Thursday, June 30, 2005

City of Houston population growth slowing

Census just released new estimates for 2004, with Houston numbers in this table. (AP Story) After pretty healthy gains of 18,000 in 2001 and 23,000 in 2002, we've dropped to +7,000 in 2003 and a mere +3,000 in 2004 (for a total of 2,012,626). Now, keep in mind, this is the city limits of Houston, not the metro area, which is still seeing very healthy gains.

Possible theories? Maybe tighter border controls after 9/11? I understand there is still plenty of illegal immigration going on, but it may have slowed down somewhat.

Another possibility: lower interest rates have created a lot of first-time home buyers the last few years, which probably means moving from an apartment inside the city to a starter home outside of it. We may actually have the same annual numbers of new people coming into the city, they're just being offset by those leaving for their new home. This theory seems more likely than the first.

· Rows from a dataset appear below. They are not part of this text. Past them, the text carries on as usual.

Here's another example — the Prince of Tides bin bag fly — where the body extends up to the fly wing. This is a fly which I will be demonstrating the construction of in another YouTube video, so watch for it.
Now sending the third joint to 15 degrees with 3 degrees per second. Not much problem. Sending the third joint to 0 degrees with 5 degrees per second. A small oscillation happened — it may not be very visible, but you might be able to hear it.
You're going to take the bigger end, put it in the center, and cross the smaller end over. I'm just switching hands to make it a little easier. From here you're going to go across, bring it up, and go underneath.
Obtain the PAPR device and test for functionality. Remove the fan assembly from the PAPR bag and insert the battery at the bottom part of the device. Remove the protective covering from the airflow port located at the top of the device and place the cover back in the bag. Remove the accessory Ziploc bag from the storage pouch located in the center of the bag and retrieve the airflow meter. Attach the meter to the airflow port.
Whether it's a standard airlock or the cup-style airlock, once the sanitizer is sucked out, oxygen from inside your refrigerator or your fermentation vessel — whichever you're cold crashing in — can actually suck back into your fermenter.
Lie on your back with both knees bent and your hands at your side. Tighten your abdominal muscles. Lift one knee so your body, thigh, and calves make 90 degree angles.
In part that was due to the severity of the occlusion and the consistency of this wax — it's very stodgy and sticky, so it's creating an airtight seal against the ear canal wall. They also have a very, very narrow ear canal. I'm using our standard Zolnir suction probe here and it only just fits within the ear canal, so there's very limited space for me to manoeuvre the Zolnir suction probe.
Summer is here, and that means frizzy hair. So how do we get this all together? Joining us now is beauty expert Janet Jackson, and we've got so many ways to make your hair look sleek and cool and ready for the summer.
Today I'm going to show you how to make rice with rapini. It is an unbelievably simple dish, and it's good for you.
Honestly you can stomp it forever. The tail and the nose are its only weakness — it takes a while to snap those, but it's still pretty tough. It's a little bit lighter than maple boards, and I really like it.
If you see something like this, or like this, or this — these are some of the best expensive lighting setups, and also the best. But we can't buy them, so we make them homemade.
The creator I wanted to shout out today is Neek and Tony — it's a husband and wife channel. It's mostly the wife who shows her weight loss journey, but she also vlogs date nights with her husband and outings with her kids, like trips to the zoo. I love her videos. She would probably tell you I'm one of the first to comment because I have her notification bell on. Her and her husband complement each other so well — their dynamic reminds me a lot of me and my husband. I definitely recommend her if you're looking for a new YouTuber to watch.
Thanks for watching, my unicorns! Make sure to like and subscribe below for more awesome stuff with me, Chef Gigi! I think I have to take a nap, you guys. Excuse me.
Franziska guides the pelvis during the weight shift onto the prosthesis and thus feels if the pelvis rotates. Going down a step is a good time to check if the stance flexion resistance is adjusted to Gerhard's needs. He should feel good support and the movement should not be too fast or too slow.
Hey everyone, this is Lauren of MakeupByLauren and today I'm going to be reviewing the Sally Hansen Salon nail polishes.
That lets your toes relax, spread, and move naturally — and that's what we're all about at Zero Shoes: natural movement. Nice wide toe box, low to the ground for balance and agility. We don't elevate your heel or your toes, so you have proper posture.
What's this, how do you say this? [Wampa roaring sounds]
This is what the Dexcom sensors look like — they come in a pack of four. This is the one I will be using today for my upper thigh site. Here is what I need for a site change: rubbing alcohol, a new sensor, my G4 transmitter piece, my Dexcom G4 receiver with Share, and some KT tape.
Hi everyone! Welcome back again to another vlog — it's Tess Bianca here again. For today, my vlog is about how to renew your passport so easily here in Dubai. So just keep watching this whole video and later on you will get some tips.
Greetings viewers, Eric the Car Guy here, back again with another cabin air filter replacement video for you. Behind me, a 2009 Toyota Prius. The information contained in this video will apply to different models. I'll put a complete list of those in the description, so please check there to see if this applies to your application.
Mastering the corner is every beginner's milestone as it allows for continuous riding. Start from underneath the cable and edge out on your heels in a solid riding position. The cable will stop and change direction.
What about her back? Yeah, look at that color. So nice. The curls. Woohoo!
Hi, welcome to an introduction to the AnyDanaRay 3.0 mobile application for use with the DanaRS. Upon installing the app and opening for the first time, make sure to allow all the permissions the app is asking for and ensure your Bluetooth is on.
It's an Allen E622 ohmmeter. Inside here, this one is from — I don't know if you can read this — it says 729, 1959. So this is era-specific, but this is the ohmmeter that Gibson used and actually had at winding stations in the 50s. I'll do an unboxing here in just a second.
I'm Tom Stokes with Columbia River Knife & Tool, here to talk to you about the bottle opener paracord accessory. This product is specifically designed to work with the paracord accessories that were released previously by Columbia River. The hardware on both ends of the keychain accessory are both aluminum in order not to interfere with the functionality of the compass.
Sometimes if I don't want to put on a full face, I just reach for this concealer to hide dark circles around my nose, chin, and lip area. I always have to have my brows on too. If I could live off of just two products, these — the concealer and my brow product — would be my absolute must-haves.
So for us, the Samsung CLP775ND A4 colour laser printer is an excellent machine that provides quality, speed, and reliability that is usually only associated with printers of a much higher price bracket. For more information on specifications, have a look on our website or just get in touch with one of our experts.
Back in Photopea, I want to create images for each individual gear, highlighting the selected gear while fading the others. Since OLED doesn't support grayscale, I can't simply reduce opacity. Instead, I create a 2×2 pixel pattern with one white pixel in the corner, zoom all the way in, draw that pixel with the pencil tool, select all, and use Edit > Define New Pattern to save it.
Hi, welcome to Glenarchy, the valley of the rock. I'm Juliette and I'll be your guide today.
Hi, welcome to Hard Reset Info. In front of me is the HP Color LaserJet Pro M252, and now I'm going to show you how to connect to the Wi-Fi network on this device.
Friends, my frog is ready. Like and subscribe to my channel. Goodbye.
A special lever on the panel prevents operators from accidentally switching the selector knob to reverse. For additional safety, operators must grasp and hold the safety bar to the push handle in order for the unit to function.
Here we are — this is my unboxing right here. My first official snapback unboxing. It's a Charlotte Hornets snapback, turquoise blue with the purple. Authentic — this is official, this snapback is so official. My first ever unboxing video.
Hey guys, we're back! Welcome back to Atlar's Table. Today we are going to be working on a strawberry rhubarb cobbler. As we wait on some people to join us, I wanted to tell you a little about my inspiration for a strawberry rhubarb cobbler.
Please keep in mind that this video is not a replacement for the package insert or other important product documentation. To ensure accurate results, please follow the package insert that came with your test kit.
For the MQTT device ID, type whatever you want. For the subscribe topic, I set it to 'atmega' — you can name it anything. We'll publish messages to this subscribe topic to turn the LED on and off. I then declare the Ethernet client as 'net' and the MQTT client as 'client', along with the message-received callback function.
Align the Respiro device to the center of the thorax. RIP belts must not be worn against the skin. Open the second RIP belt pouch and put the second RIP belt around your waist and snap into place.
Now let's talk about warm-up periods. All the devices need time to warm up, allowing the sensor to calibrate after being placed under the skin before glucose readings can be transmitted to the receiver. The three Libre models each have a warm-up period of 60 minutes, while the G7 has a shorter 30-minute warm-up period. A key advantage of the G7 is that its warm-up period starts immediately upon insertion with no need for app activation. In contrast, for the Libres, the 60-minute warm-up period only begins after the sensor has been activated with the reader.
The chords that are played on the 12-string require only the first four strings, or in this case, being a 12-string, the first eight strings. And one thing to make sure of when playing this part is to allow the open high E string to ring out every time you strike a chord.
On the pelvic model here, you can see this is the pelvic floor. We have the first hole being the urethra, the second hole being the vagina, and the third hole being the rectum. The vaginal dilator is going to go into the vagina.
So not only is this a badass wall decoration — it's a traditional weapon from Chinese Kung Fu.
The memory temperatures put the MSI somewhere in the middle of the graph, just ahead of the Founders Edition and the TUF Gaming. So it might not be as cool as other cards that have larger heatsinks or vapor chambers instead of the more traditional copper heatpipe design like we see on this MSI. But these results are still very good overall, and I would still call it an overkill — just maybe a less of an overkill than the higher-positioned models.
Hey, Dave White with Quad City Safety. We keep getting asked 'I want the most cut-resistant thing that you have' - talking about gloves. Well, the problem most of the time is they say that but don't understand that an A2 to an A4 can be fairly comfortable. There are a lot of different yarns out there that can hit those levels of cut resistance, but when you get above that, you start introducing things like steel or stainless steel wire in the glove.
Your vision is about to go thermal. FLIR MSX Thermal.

We're middle of the pack vs. other cities in our top-10 "weight class": NY, Chicago, and Philly all lost population - and LA, Phoenix, and San Antonio are still packing them in. We're pretty comfortably entrenched at #4 - no near-term chances of moving up or down. Poor Detroit got displaced out of the top-10 by San Jose, CA - which most people don't realize is 20% larger than San Francisco. Only metro area I can think of where the suburb-city outweighs the core "big name" city.

Houston was outgained in Texas by Dallas, Ft. Worth, San Antonio, El Paso, and even little Austin (which is growing again after 3 stagnant years). Ft. Worth and San Antonio are in the top 5 nationally for numerical gains (along with Phoenix, LA, and Vegas).

The biggest losers in the top 25? Chicago, Detroit, Boston, San Francisco, Baltimore, Philly, and NYC - in that order. Like the headline says, everybody's headed south and west for sun, space, and nice new affordable homes.

3 Comments:

At 3:33 PM, June 30, 2005, Anonymous Anonymous said...

I don't want to get to get too political, but you may also noticed that the cities that are losing are in blue state and are heavily democrat. The cities that are gaining are generally located in red states with large republican suburbs. Just a thought.

 
At 4:02 PM, June 30, 2005, Blogger Tory Gattis said...

Fair point. I've noticed some correlations between a growth/expansion mentality and Republicans and static environments and Democrats (similar to Europe).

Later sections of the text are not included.